● **Data under study**
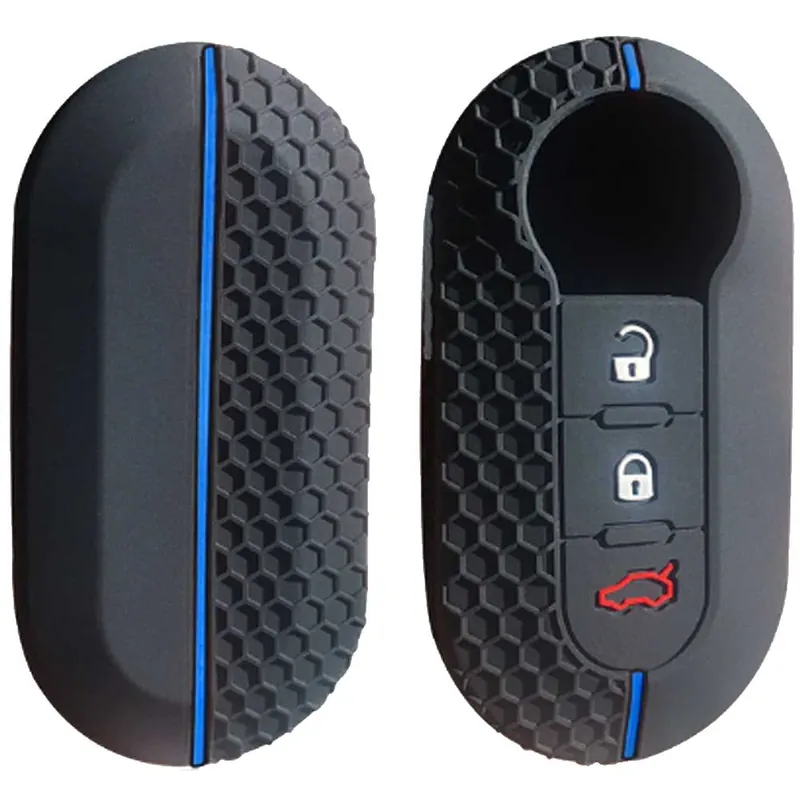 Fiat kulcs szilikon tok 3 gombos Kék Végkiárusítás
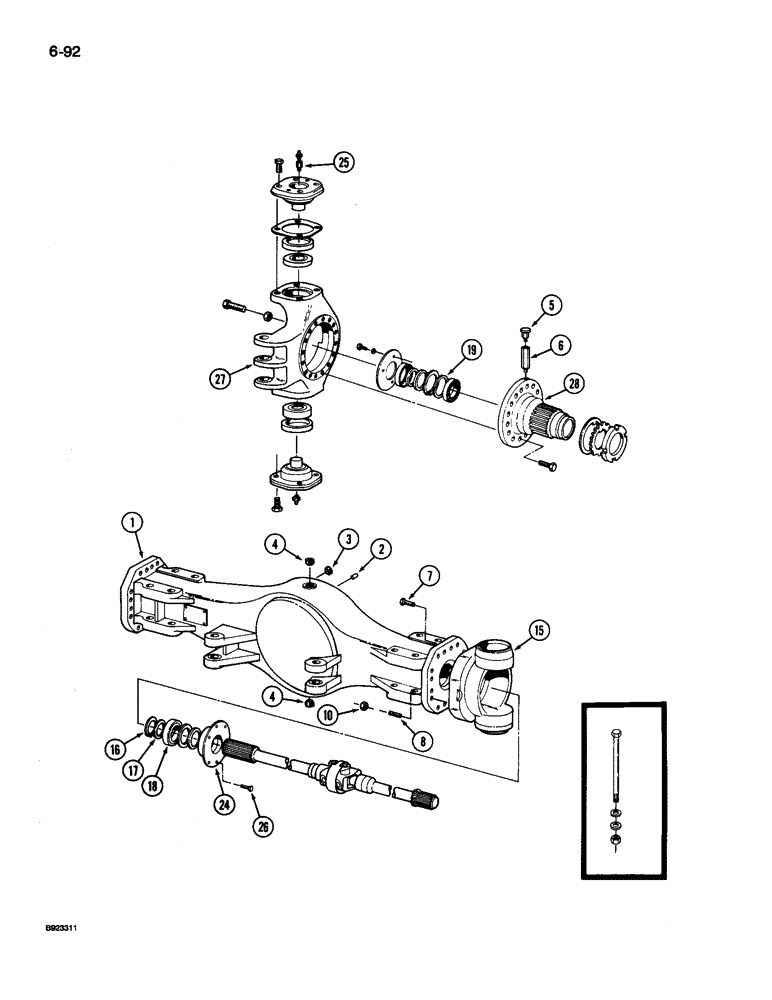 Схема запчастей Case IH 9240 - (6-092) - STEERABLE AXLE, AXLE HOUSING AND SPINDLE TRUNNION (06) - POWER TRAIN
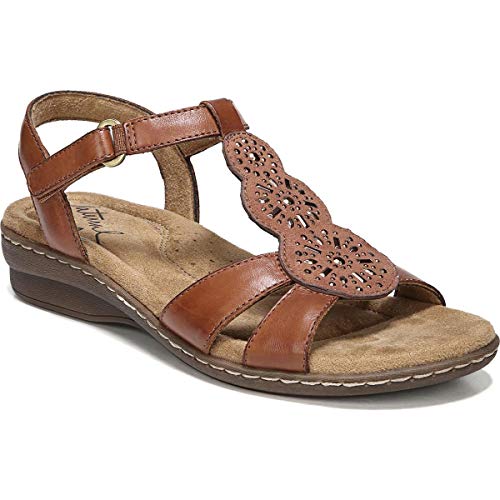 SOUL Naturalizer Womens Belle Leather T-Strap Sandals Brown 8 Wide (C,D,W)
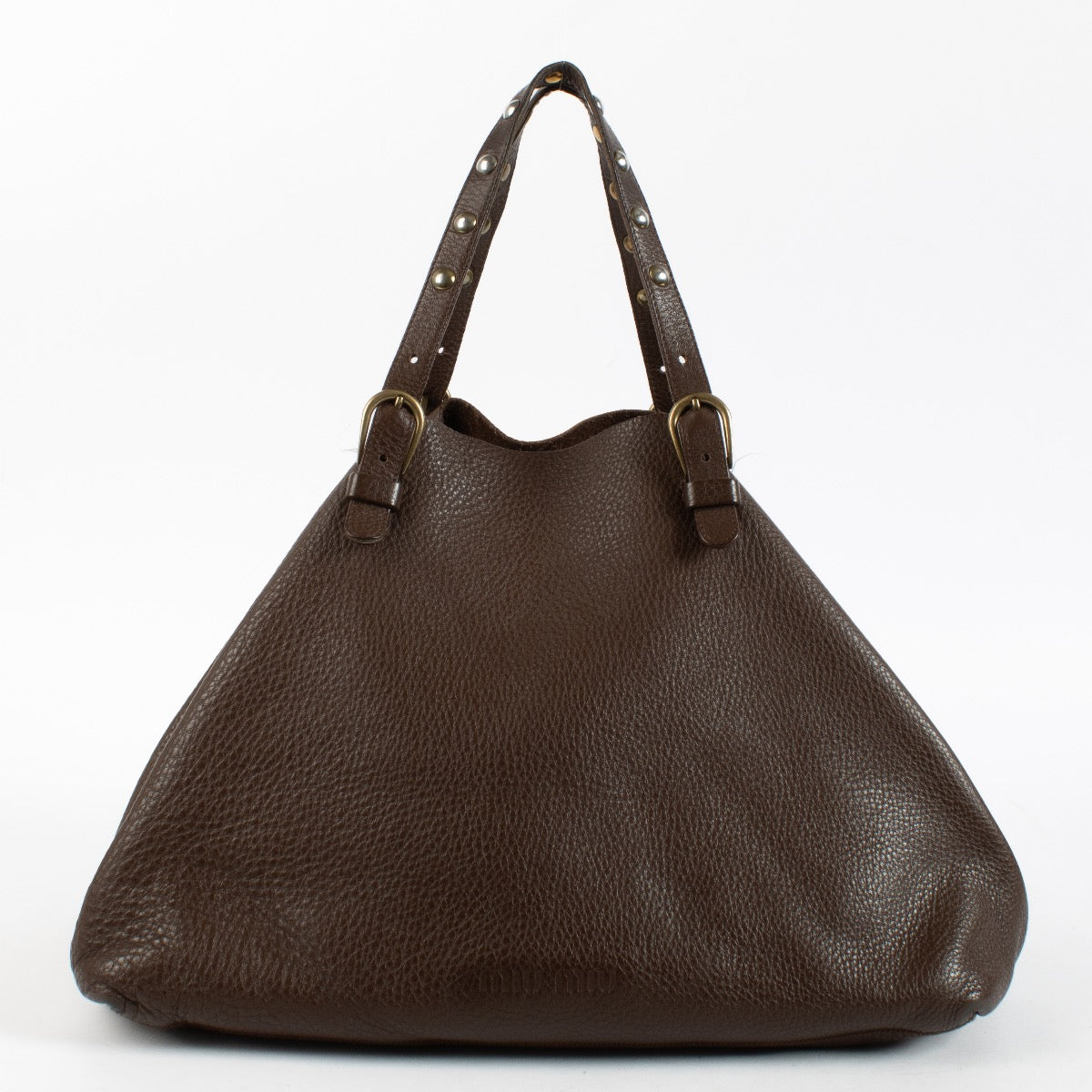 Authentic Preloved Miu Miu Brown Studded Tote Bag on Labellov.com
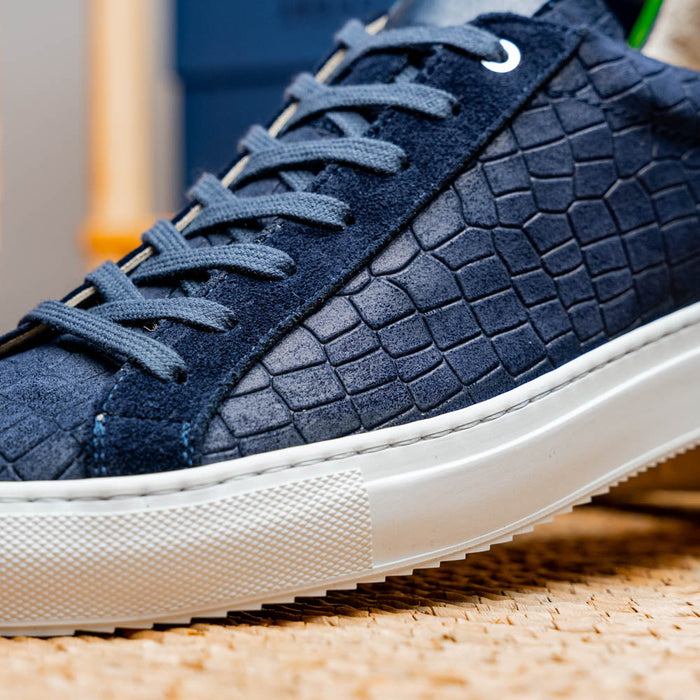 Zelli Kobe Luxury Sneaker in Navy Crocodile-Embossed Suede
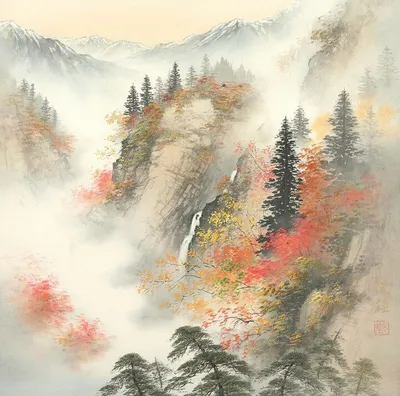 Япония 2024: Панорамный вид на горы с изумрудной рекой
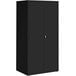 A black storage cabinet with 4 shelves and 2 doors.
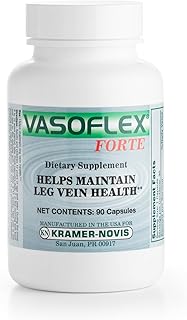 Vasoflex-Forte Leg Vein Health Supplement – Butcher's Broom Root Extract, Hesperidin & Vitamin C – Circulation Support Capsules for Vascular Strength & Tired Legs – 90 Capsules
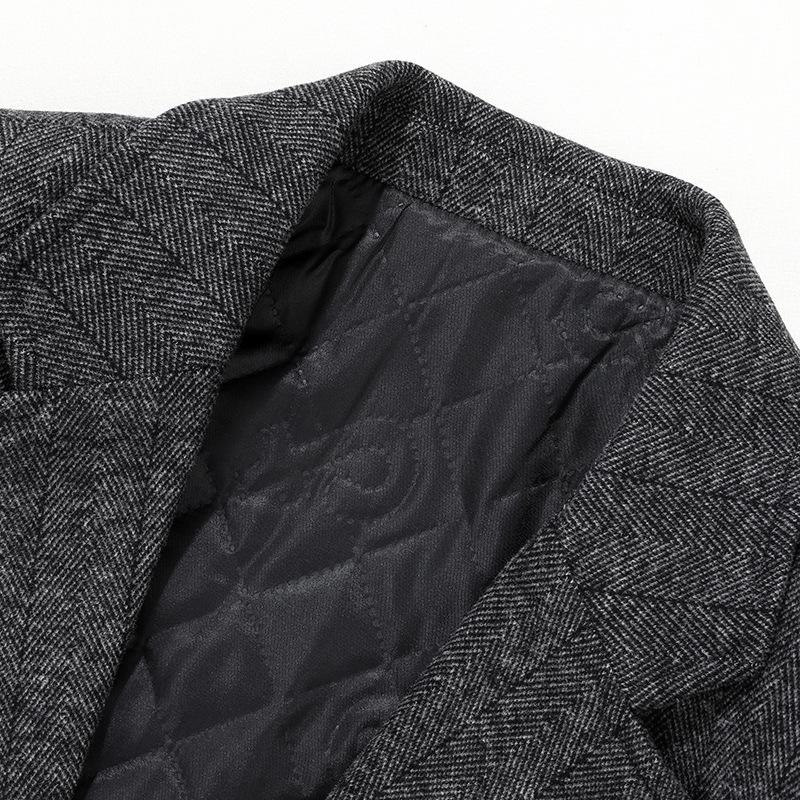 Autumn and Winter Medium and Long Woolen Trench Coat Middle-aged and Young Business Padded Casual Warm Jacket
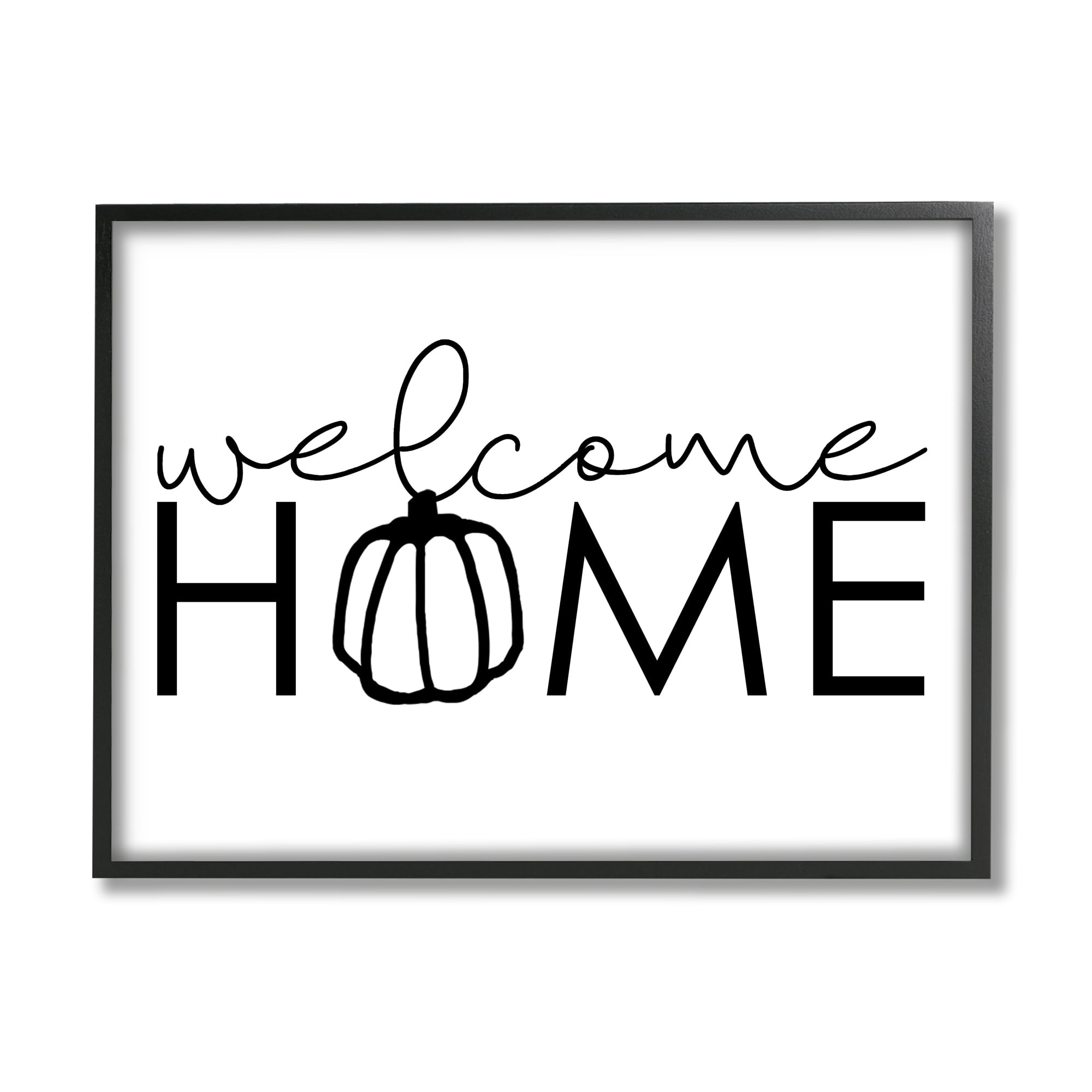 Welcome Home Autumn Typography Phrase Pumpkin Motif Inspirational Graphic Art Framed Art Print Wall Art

● **What needs to be done**
Copy out each record word for word and omit any pictures.

● **Answer to the exercise**
 Fiat kulcs szilikon tok 3 gombos Kék Végkiárusítás
 Схема запчастей Case IH 9240 - (6-092) - STEERABLE AXLE, AXLE HOUSING AND SPINDLE TRUNNION (06) - POWER TRAIN
 SOUL Naturalizer Womens Belle Leather T-Strap Sandals Brown 8 Wide (C,D,W)
 Authentic Preloved Miu Miu Brown Studded Tote Bag on Labellov.com
 Zelli Kobe Luxury Sneaker in Navy Crocodile-Embossed Suede
 Япония 2024: Панорамный вид на горы с изумрудной рекой
 A black storage cabinet with 4 shelves and 2 doors.
 Vasoflex-Forte Leg Vein Health Supplement – Butcher's Broom Root Extract, Hesperidin & Vitamin C – Circulation Support Capsules for Vascular Strength & Tired Legs – 90 Capsules
 Autumn and Winter Medium and Long Woolen Trench Coat Middle-aged and Young Business Padded Casual Warm Jacket
 Welcome Home Autumn Typography Phrase Pumpkin Motif Inspirational Graphic Art Framed Art Print Wall Art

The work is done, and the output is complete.